Science Moms is hoping the focus on moms can help cut through this.

In 2019, Potential Energy conducted a survey to help figure out which groups of Americans are the most concerned about climate change and the most persuadable to take action. Based on the nearly 8,000 respondents, all at least 18 years old, they found 83% of moms were concerned about the issue compared to only 60% of the general population.

The messaging that especially moves mom to want to act is one focused on the risk climate change poses to their kids, according to Marshall. This is true for moms across different age groups and across the political spectrum, too.

“The research said this is actually a really big and powerful untapped force,” he added.

For Burt, part of the motivation to get involved was to highlight the crucial role race plays in experiencing the worst impacts of climate change in the US. “For me it’s important for moms to know there isn’t just one type of scientist, just like there isn’t one type of mom,” she said. “These are things that are directly impacting our communities. We know climate change is disproportionately impacting communities of color, low socioeconomic communities, and I guess I’d say most importantly our children within those communities.”



Melissa Burt's video for Science Moms.


More recently, kids — not their parents — have been the driving force behind the climate movement.

The most famous climate activist worldwide is 18-year-old Greta Thunberg, who launched what’s become a global movement of kids striking school to draw attention to the climate crisis.

“This is all wrong,” Thunberg told a crowd of world leaders and climate negotiators gathered at a 2019 conference in New York. "I shouldn’t be up here. I should be back in school on the other side of the ocean. Yet you all come to us young people for hope? How dare you!"
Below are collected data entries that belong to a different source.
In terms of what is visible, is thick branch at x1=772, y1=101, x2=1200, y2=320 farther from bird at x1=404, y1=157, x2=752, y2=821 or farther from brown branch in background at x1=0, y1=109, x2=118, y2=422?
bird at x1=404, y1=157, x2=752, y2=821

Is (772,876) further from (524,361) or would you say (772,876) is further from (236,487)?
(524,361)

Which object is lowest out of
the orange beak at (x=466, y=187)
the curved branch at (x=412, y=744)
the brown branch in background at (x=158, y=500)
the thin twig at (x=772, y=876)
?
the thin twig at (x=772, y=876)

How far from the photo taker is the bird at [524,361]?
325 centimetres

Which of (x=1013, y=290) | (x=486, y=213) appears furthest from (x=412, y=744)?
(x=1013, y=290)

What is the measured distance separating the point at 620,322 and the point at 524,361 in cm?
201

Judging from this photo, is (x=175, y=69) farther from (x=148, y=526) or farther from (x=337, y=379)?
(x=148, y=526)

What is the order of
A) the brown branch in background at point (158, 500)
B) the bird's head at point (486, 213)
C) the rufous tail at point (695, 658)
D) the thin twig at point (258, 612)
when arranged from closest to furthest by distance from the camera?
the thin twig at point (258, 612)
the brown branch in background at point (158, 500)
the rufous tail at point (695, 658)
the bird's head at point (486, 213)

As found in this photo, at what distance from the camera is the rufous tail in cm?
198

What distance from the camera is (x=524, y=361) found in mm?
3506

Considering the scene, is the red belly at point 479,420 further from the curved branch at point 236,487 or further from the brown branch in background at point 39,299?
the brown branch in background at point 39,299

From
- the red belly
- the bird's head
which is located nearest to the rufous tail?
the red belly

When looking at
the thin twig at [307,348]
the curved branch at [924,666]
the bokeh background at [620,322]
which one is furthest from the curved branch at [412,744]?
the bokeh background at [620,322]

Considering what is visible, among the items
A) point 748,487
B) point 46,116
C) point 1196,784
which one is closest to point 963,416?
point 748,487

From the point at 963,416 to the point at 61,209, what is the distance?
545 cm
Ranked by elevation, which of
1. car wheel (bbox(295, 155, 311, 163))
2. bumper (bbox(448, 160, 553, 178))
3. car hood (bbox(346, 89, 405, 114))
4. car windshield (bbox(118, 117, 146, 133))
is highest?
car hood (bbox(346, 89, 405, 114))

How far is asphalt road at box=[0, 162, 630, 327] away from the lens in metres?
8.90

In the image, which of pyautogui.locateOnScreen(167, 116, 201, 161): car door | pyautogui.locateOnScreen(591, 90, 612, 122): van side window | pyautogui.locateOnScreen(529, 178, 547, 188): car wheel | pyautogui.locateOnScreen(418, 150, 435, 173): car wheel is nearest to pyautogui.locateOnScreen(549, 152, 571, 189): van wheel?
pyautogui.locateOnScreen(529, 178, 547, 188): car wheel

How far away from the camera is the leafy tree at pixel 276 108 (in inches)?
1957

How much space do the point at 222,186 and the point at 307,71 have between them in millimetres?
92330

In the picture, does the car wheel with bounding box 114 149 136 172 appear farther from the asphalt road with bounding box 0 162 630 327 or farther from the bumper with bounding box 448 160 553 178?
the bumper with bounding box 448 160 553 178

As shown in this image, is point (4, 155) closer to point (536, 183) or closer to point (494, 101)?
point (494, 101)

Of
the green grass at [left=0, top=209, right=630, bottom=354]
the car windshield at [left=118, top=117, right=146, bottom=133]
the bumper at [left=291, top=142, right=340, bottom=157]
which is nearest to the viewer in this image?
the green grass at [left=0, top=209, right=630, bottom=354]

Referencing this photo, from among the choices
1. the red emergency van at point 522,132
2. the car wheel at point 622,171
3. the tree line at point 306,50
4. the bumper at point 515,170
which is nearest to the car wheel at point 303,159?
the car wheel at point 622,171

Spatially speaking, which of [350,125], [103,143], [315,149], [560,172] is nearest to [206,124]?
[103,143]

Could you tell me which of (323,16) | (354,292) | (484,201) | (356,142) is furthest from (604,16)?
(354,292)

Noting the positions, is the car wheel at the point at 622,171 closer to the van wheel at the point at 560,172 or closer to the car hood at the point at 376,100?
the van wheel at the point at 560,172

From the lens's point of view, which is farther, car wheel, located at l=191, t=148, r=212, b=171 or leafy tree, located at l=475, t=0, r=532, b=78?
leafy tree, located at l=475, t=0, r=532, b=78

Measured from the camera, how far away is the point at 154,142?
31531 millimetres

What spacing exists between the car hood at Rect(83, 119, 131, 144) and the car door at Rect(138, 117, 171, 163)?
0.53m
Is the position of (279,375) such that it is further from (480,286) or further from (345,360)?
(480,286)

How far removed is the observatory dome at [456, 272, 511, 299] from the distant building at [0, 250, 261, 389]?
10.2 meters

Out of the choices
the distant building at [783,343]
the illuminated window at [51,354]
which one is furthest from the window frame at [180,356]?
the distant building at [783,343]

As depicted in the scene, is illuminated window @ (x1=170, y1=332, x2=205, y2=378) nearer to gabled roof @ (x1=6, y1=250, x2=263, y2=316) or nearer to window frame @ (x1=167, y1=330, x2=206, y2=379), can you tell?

School walkouts and rallies organized by students have brought traffic to a standstill in major cities and attracted millions of participants, from Los Angeles to New York, Belgium to Bolivia, Kenya to Australia. For years now, kids have also been suing state and country governments to take climate action.

And in the US, the youth activist group Sunrise Movement has been pushing to hold politicians accountable. Its members have pushed for a Green New Deal to tackle inequality and climate change, pressured Democratic presidential candidates to pledge not to take big campaign contributions from fossil fuel companies, and played a role in pushing Joe Biden to adopt the strongest climate platform of any presidential candidate.

The climate kids are a big reason why Marshall thought that Science Moms could work. “My 17-year-old was the one that suggested I do this,” Marshall said. “My whole team stopped working at their corporate jobs to do this, and many of us were motivated by our children saying: Is this true? What are you doing about it?”

“I would give the youth movement credit for us doing this,” he said. “There should be a parents movement to go along with the youth movement because the most important conversations happen in the home.”